Ferdowsi Shahnameh
The Shahnameh, Book of Kings, is an epic composed by the Iranian poet Hakim Abul-Qasim Mansur and completed around 1010 CE. It is structured according to the mythical and historical reign of 50 Persian Kings. The epic chronicles the legends and histories of Iranian kings from primordial times to the Arab conquest of Iran in the 7th century CE, in three successive stages: the mythical, the heroic or legendary, and the historic. Ferdowsi began the composition of the Shahnameh’s approximately 100,000 lines as 50,000 couplets each consisting of two hemistichs 62 stories and 990 chapters, a work several times the length of Homer’s Iliad, in 977 CE, when eastern Iran was under Samanid rule. It took Ferdowsi thirty three years to complete his epic, by which time the rule of eastern Iran had passed to the Turkmen Ghaznavids. The Shahnameh was written in classical Persian when the language was emerging from its Middle Persian Pahlavi roots, and at a time when Arabic was the favored language of literature. As such, Ferdowsi is seen as a national Iranian hero who re-ignited pride in Iranian culture and literature, and who established the Persian language as a language of beauty and sophistication. Ferdowsi wrote: “the Persian language is revived by this work.”
The earliest and perhaps most reliable account of Ferdowsi’s life comes from Nezami Aruzi, a 12th-century poet who visited Tus in 1116 or 1117 to collect information about Ferdowsi’s life. According to Nezami Aruzi, Ferdowsi Tusi was born into a family of landowners near the village of Tus in the Khorasan province of north-eastern Iran. Ferdowsi and his family were called Dehqan which means landed, village settlers, urban and even farmer.

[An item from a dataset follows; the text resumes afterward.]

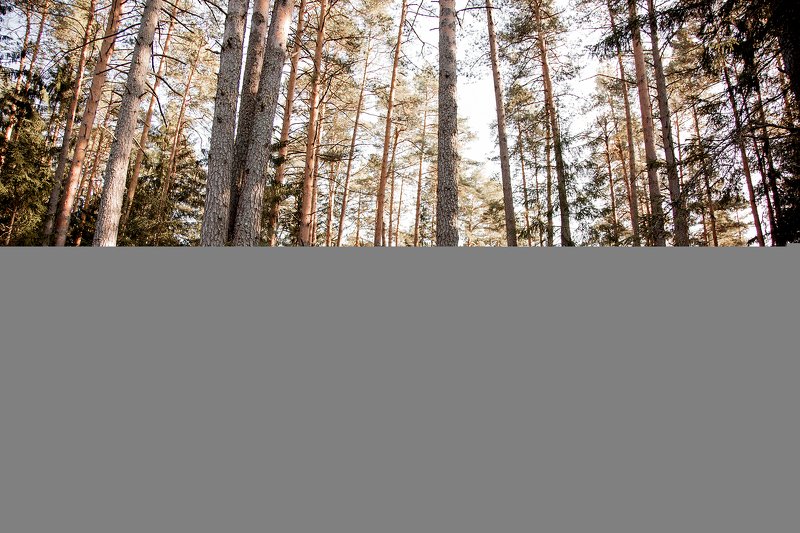 audi, ауди, фотосессия в лесу, тверская область, фотосессия, лав стори, love story, семейный фотограф, природа photo preview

A thousand years ago during Ferdowsi’s lifetime, books were written and reproduced by hand, making book production labor- intensive and expensive. Adding illustrations increased the expense. A simple basic manuscript copy could cost as much as a horse – often an entire stable and sometimes the farm. Books therefore were not written for public consumption. Ferdowsi sought the patronage of the then rulers of Iran. The famed amount that Ferdowsi expected to receive for his Shahnameh was a gold piece for every verse. It influenced not just Persian speakers but also the cultures of Turkic peoples in Central Asia, Azerbaijan, and the Ottoman Empire, as well as the Georgian, Kurdish, and Pashto literary traditions. The Shahnameh continues to be one of the main pillars of the modern Persian language.